Life is what you make it!
Approaching summer 1926. Not much coal wanted, so father was
put on a four-day week, which meant a loss of 16/- (80p) from
the weekly wage. Had it been a three-day week he could have
got three days dole money but it seemed the mine owners (father
had a different name for them) and the government, were in cahoots.
Anyway to offset this my eldest brother, Steve,
had started work down the same pit (pony driving) at 10/- per
week, less lorry fare to work and union fees. He gave mother
his entire wage and she gave him 6d spending money per week.
Now at no time were we kids hungry. Not while we could enjoy
mum's "nubble" and jam, margarine, dripping and
lard. Look what the fat did for us - most of my kin hit the
70-year-old mark and we had salt and sugar and fat ad lib.

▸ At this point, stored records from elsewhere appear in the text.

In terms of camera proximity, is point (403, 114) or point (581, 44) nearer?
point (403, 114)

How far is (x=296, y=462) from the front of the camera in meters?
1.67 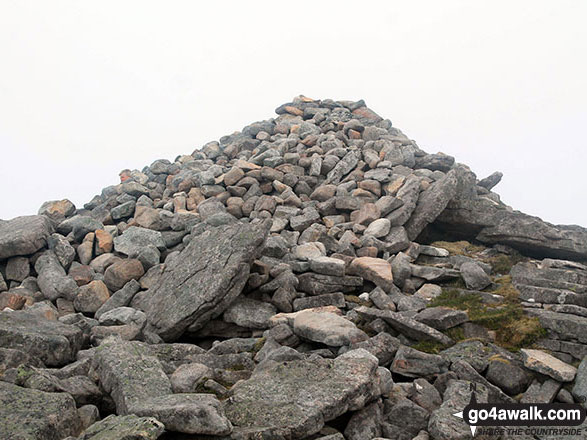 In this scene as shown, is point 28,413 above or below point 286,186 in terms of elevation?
below

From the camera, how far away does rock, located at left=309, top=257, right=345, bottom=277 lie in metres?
12.8

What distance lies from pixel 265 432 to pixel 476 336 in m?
6.36

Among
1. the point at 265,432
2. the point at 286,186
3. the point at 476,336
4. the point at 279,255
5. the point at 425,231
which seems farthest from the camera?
the point at 286,186

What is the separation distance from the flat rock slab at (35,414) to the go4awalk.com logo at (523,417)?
211 inches

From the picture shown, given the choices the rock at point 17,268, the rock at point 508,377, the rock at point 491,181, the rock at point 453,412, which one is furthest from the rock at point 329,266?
the rock at point 491,181

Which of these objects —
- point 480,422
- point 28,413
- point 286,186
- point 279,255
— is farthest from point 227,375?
point 286,186

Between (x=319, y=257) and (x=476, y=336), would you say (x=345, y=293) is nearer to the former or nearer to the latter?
(x=319, y=257)

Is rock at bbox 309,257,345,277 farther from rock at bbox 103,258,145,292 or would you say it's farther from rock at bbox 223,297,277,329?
rock at bbox 103,258,145,292

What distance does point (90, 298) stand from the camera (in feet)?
44.6

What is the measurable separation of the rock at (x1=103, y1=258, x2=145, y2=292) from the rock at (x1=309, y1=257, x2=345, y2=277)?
223 inches

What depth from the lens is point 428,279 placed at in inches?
531

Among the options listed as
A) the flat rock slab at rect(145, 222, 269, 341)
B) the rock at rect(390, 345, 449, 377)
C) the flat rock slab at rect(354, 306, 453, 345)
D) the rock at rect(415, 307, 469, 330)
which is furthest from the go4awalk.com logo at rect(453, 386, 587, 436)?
the flat rock slab at rect(145, 222, 269, 341)

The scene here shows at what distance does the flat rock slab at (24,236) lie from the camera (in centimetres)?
1516

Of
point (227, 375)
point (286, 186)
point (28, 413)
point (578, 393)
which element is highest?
point (286, 186) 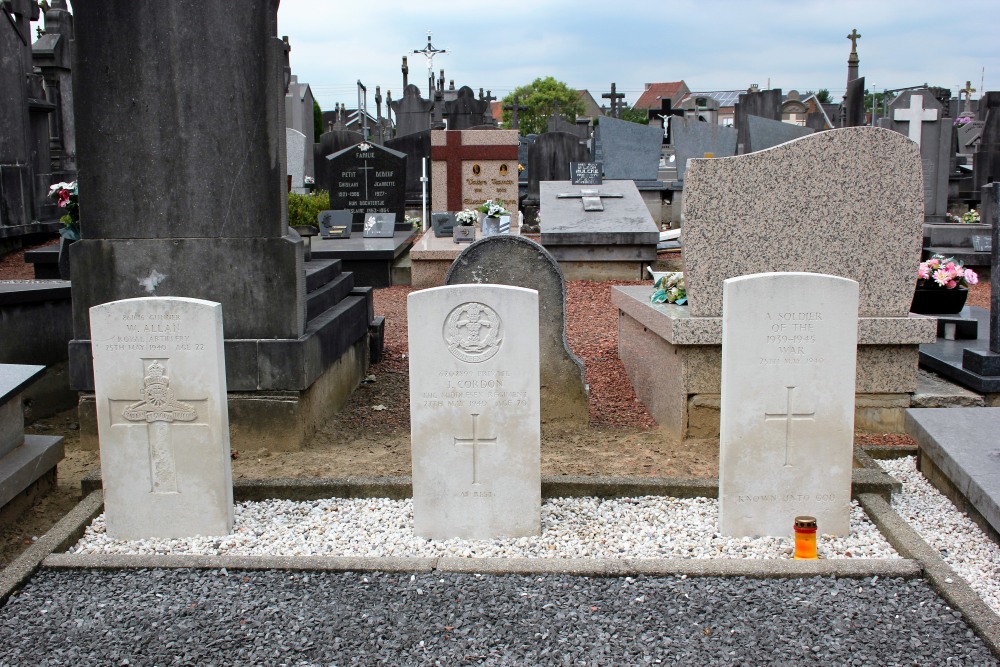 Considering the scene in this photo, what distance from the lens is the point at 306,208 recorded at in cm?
1304

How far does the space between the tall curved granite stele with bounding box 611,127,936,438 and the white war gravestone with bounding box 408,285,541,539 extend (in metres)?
1.66

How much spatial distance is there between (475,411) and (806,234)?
8.04 feet

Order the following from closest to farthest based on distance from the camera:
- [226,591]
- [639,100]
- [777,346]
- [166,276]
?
[226,591], [777,346], [166,276], [639,100]

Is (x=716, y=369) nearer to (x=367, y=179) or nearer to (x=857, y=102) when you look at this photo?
(x=857, y=102)

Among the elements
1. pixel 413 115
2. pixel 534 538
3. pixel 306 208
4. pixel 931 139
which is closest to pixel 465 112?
pixel 413 115

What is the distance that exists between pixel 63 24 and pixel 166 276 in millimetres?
13935

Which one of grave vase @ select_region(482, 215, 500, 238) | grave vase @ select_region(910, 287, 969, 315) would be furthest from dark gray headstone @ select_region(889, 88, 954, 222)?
grave vase @ select_region(910, 287, 969, 315)

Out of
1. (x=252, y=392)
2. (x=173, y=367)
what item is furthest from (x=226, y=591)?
(x=252, y=392)

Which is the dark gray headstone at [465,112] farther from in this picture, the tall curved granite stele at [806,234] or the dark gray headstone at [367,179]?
the tall curved granite stele at [806,234]

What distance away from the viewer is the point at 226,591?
10.8ft

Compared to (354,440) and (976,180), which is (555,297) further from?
(976,180)

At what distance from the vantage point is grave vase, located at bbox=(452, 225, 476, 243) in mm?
11852

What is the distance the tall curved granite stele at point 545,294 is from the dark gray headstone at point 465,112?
2212cm

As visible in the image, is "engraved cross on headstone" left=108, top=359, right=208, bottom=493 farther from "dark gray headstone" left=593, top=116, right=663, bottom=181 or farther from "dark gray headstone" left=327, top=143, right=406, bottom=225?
"dark gray headstone" left=593, top=116, right=663, bottom=181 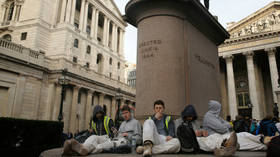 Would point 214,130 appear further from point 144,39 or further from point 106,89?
point 106,89

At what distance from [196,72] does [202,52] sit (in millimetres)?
1141

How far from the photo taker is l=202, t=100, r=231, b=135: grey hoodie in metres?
4.59

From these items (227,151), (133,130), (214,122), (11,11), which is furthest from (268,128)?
(11,11)

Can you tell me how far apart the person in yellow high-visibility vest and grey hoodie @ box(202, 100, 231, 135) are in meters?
2.15

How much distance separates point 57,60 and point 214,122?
83.3 feet

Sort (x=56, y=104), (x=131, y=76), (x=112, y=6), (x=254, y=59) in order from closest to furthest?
(x=56, y=104) → (x=254, y=59) → (x=112, y=6) → (x=131, y=76)

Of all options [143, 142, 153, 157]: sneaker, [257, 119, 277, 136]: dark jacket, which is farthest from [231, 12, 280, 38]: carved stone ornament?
[143, 142, 153, 157]: sneaker

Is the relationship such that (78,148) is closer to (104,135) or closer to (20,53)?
(104,135)

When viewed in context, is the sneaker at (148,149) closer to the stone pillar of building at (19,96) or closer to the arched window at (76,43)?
the stone pillar of building at (19,96)

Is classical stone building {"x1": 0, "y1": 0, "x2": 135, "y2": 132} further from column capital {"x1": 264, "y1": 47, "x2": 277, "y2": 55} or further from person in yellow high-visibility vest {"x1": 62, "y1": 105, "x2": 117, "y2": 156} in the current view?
column capital {"x1": 264, "y1": 47, "x2": 277, "y2": 55}

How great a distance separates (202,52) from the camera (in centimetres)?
805

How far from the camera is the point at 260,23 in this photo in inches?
1296

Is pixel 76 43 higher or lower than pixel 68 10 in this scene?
lower

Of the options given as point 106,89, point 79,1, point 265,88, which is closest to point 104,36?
point 79,1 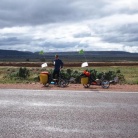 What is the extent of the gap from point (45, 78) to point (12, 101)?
18.8ft

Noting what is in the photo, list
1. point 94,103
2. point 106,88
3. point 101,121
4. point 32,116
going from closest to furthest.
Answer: point 101,121 → point 32,116 → point 94,103 → point 106,88

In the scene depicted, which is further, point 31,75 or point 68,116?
point 31,75

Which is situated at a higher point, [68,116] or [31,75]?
[68,116]

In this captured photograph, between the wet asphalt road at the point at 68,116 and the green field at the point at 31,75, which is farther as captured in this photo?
the green field at the point at 31,75

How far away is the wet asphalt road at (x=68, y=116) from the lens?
22.9 ft

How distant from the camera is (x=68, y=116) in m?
8.49

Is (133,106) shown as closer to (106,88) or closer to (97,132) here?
(97,132)

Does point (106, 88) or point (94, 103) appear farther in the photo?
point (106, 88)

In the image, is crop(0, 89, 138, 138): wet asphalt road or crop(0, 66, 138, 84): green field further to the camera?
crop(0, 66, 138, 84): green field

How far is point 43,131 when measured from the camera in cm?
705

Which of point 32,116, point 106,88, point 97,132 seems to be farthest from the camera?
point 106,88

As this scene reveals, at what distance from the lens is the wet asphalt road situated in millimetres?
6969

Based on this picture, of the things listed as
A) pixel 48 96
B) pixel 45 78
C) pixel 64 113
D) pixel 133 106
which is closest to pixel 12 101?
pixel 48 96

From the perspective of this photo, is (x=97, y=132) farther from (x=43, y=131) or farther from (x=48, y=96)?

(Nubble = a cake of home made bread just below the circle
of a dinner plate and 2" thick. Lovely with the
spread mentioned.) Roll on Sundays.
Our weekly spending money we received every Friday night.
Yes, one whole ½d each and that amount would buy one
gobstopper or two bullseyes. They changed colour as you sucked
them. Or ½oz of some teeth rotters. Whenever the jam
jar was empty we would take it to the rag and bone man and
he would give us ½d for it. Of course the jam jar was
of no use to us and no one had any money to put in it and
secrete it away. We was poor!
One day at school it was announced that any child whose father
was on the dole could go to the Council offices and they would
be fitted with a new pair of shoes. I consulted my younger brethren
and they said I must not go. Our father was working... He
who dares! I went. No questions were asked except your name.
I got a new pair of boots. On the top inner edge were two eyelets
no chance of pawning them.
The Brampton Bruiser
In those days we kids had to make our own fun. No wireless to
listen to. We obtained one at a later date though. It was second
hand, 10/- (50p). We enjoyed our spare time in the playfields
in the lane. They had swings and a maypole. Often at school
holiday time, I and two or three of my siblings would hike anything
up to nine miles there and nine miles back to Matlock, Baslow,
and various other places. No trouble and no danger of perverts
as there are today. A good day out with a bottle of water and
the usual sarnies. We did get into trouble occasionally but
I was always wary of my father's belt. A very good deterrent.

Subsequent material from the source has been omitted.